Write out all the data verbatim. Skip images.

───── Supplied data ─────

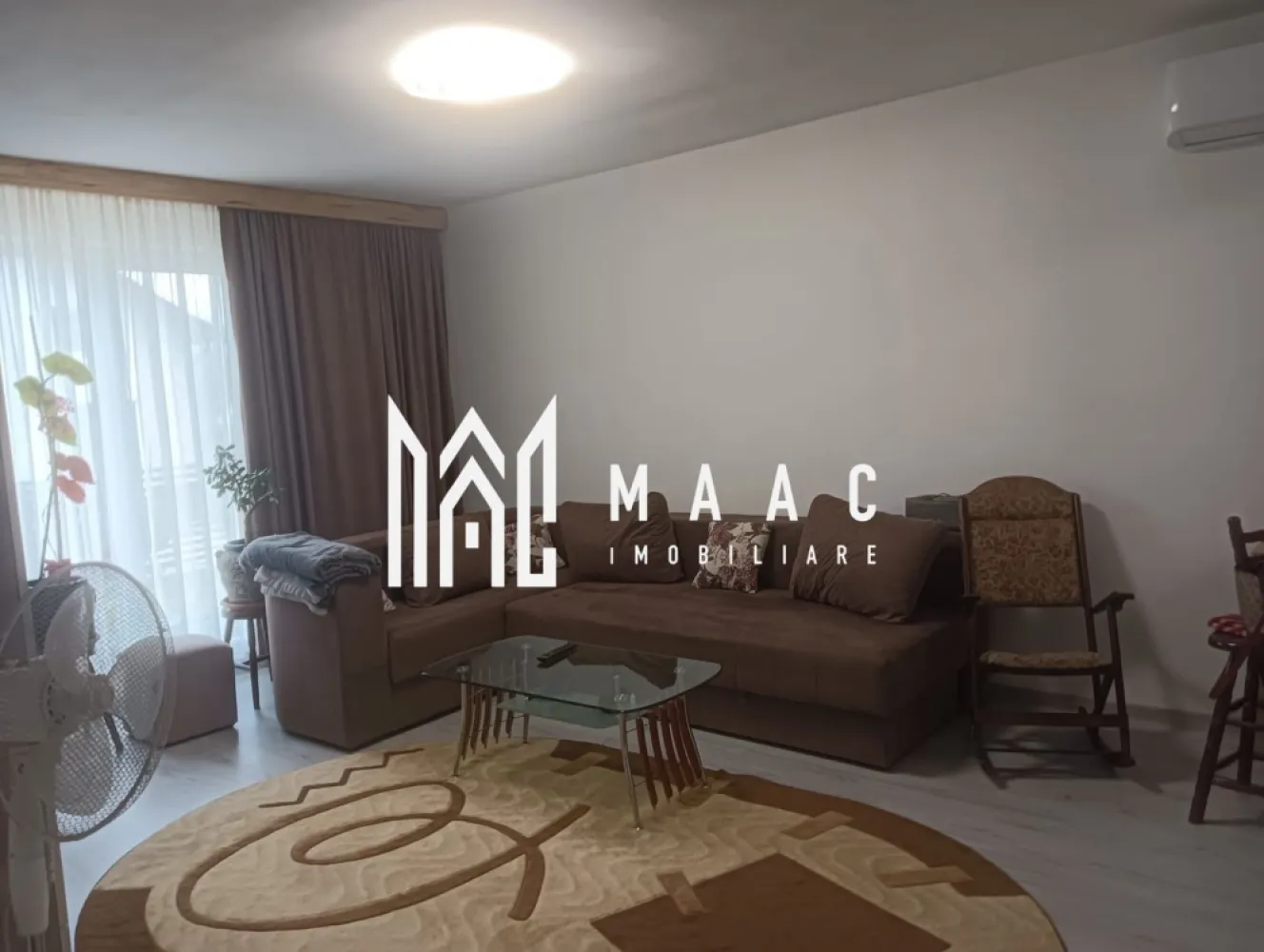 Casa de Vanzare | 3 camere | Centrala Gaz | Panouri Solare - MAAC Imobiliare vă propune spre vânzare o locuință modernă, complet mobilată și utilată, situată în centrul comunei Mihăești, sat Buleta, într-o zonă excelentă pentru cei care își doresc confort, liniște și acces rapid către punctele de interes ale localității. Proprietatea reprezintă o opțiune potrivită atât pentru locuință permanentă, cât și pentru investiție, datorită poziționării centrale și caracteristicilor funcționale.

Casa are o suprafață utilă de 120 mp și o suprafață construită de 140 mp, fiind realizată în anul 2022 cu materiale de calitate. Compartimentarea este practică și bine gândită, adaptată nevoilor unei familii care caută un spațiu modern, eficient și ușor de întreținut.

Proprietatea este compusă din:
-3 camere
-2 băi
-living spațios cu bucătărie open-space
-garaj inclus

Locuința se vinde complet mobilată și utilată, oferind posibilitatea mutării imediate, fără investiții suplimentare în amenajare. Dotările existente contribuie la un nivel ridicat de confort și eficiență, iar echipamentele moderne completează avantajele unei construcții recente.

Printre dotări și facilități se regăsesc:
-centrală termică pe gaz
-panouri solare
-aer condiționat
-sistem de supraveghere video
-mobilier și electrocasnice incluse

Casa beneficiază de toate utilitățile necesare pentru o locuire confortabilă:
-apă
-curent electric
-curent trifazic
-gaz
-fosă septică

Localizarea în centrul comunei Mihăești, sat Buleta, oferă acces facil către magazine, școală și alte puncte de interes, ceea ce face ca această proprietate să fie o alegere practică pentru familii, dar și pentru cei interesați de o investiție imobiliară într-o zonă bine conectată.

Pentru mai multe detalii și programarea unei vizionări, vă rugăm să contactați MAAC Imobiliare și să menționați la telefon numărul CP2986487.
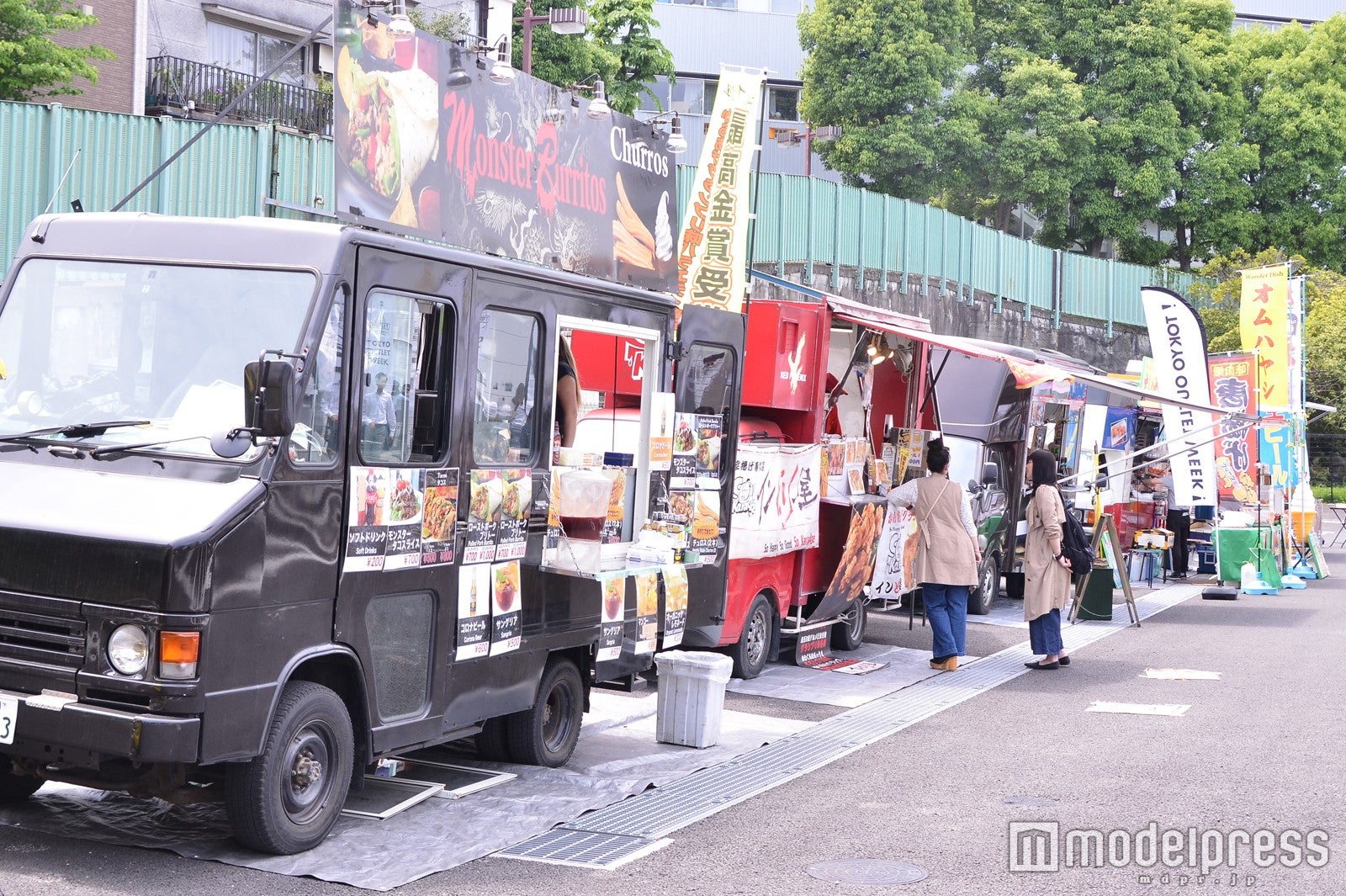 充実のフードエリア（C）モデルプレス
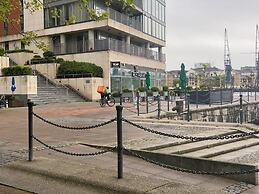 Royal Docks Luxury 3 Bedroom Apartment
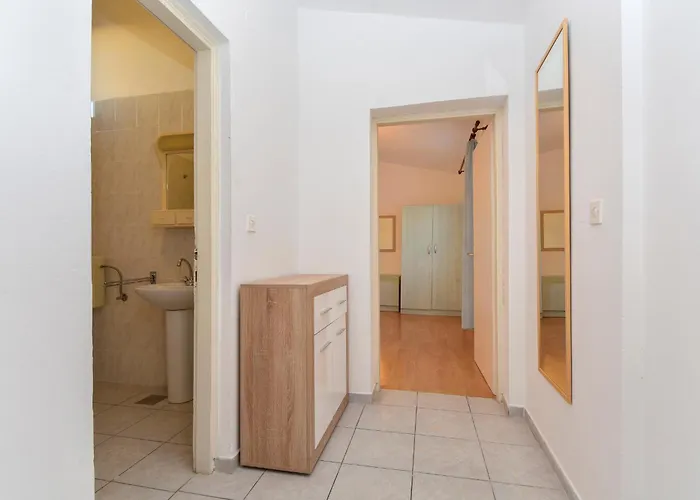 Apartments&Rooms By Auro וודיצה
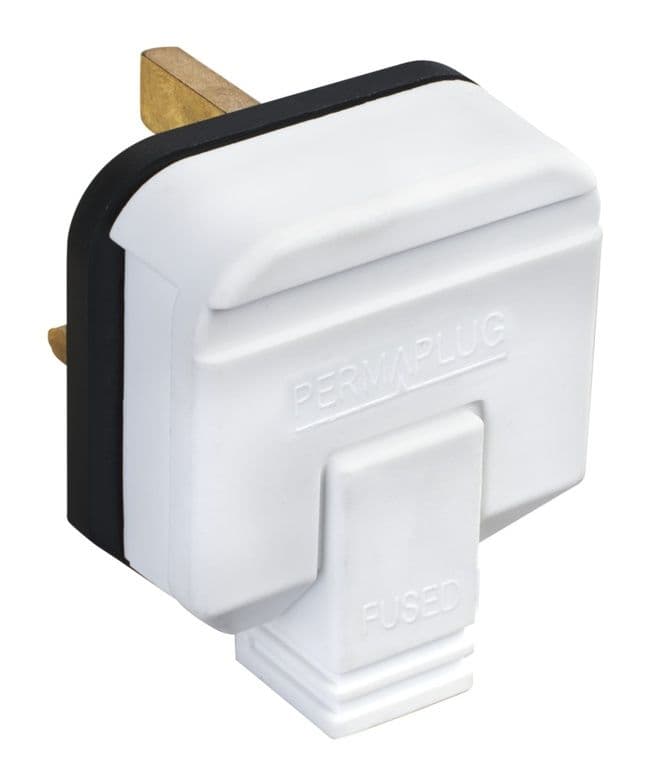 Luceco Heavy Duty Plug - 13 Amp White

─────

- **Task response**
 Casa de Vanzare | 3 camere | Centrala Gaz | Panouri Solare - MAAC Imobiliare vă propune spre vânzare o locuință modernă, complet mobilată și utilată, situată în centrul comunei Mihăești, sat Buleta, într-o zonă excelentă pentru cei care își doresc confort, liniște și acces rapid către punctele de interes ale localității. Proprietatea reprezintă o opțiune potrivită atât pentru locuință permanentă, cât și pentru investiție, datorită poziționării centrale și caracteristicilor funcționale.

Casa are o suprafață utilă de 120 mp și o suprafață construită de 140 mp, fiind realizată în anul 2022 cu materiale de calitate. Compartimentarea este practică și bine gândită, adaptată nevoilor unei familii care caută un spațiu modern, eficient și ușor de întreținut.

Proprietatea este compusă din:
-3 camere
-2 băi
-living spațios cu bucătărie open-space
-garaj inclus

Locuința se vinde complet mobilată și utilată, oferind posibilitatea mutării imediate, fără investiții suplimentare în amenajare. Dotările existente contribuie la un nivel ridicat de confort și eficiență, iar echipamentele moderne completează avantajele unei construcții recente.

Printre dotări și facilități se regăsesc:
-centrală termică pe gaz
-panouri solare
-aer condiționat
-sistem de supraveghere video
-mobilier și electrocasnice incluse

Casa beneficiază de toate utilitățile necesare pentru o locuire confortabilă:
-apă
-curent electric
-curent trifazic
-gaz
-fosă septică

Localizarea în centrul comunei Mihăești, sat Buleta, oferă acces facil către magazine, școală și alte puncte de interes, ceea ce face ca această proprietate să fie o alegere practică pentru familii, dar și pentru cei interesați de o investiție imobiliară într-o zonă bine conectată.

Pentru mai multe detalii și programarea unei vizionări, vă rugăm să contactați MAAC Imobiliare și să menționați la telefon numărul CP2986487.
 充実のフードエリア（C）モデルプレス
 Royal Docks Luxury 3 Bedroom Apartment
 Apartments&Rooms By Auro וודיצה
 Luceco Heavy Duty Plug - 13 Amp White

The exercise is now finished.